▸ **Problem statement**: In the records that follow, locate every line with "FULL" and extract it.

[[ Material provided, beginning ]]

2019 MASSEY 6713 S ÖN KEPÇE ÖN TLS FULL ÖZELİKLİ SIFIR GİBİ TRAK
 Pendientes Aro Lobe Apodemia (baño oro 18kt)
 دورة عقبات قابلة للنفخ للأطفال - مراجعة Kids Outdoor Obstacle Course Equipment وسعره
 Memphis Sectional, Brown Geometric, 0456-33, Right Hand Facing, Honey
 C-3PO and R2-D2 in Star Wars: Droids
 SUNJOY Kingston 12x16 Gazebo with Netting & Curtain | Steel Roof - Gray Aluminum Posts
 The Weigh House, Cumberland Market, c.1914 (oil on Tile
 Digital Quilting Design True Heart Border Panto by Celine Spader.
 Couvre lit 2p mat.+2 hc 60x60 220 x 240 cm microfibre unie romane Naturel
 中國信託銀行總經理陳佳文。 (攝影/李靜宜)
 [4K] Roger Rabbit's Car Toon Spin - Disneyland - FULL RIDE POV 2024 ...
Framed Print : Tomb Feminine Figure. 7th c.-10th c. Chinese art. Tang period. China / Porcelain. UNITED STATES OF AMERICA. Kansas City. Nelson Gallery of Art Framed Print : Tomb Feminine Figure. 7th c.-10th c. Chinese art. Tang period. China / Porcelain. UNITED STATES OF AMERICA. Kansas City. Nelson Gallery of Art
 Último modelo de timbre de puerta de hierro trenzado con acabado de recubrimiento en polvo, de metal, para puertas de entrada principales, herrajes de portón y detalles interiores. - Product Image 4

[[ Material provided, end ]]

▸ **Solved problem**:
2019 MASSEY 6713 S ÖN KEPÇE ÖN TLS FULL ÖZELİKLİ SIFIR GİBİ TRAK
 [4K] Roger Rabbit's Car Toon Spin - Disneyland - FULL RIDE POV 2024 ...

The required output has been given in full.